### WHAT IS EXPECTED
Reproduce the lines below exactly, starting at the one containing "Casa de condomínio, de" and stopping at the final line.

----

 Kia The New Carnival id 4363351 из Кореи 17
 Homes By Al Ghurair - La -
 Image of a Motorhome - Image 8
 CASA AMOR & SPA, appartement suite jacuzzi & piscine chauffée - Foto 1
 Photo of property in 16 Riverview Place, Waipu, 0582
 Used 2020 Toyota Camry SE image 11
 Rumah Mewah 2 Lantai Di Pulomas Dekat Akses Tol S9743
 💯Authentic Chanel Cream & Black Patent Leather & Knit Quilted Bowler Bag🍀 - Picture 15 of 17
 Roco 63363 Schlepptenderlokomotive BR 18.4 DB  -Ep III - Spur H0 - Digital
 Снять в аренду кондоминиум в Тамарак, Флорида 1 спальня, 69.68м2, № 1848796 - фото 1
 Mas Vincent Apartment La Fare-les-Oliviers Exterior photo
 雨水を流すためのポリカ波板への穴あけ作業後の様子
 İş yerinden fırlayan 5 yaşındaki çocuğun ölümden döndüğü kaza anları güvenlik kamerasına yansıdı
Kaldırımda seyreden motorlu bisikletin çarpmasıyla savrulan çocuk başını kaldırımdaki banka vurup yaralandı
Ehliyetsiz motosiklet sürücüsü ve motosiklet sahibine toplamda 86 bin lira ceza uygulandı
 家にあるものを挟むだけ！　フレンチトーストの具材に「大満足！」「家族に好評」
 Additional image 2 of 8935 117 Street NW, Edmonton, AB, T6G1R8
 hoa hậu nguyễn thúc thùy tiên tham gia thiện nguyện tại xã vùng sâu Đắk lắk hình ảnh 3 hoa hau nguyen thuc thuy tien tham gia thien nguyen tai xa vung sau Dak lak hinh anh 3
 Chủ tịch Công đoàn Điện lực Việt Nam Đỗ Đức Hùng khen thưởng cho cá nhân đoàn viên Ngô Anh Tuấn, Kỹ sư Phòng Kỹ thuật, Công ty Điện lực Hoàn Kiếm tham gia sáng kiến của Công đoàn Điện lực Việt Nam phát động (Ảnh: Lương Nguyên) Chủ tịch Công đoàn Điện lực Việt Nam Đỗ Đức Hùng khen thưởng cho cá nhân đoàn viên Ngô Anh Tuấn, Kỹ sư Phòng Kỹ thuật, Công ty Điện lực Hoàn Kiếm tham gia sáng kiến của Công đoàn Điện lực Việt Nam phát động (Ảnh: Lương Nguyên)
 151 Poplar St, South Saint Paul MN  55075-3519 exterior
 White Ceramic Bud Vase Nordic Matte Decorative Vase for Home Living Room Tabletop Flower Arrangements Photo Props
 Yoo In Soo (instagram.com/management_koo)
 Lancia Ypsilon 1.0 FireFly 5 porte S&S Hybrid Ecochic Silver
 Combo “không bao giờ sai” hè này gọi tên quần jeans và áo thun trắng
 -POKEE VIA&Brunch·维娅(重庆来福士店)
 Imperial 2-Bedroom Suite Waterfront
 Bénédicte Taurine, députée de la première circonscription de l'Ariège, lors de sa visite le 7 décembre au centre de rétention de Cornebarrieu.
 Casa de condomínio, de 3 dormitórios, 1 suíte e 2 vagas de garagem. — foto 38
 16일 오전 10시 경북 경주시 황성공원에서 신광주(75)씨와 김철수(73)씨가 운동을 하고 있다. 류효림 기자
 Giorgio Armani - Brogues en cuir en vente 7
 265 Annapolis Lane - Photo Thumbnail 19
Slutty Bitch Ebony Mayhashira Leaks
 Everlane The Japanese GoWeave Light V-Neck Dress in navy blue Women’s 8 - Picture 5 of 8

----

### SOLVED EXERCISE
 Casa de condomínio, de 3 dormitórios, 1 suíte e 2 vagas de garagem. — foto 38
 16일 오전 10시 경북 경주시 황성공원에서 신광주(75)씨와 김철수(73)씨가 운동을 하고 있다. 류효림 기자
 Giorgio Armani - Brogues en cuir en vente 7
 265 Annapolis Lane - Photo Thumbnail 19
Slutty Bitch Ebony Mayhashira Leaks
 Everlane The Japanese GoWeave Light V-Neck Dress in navy blue Women’s 8 - Picture 5 of 8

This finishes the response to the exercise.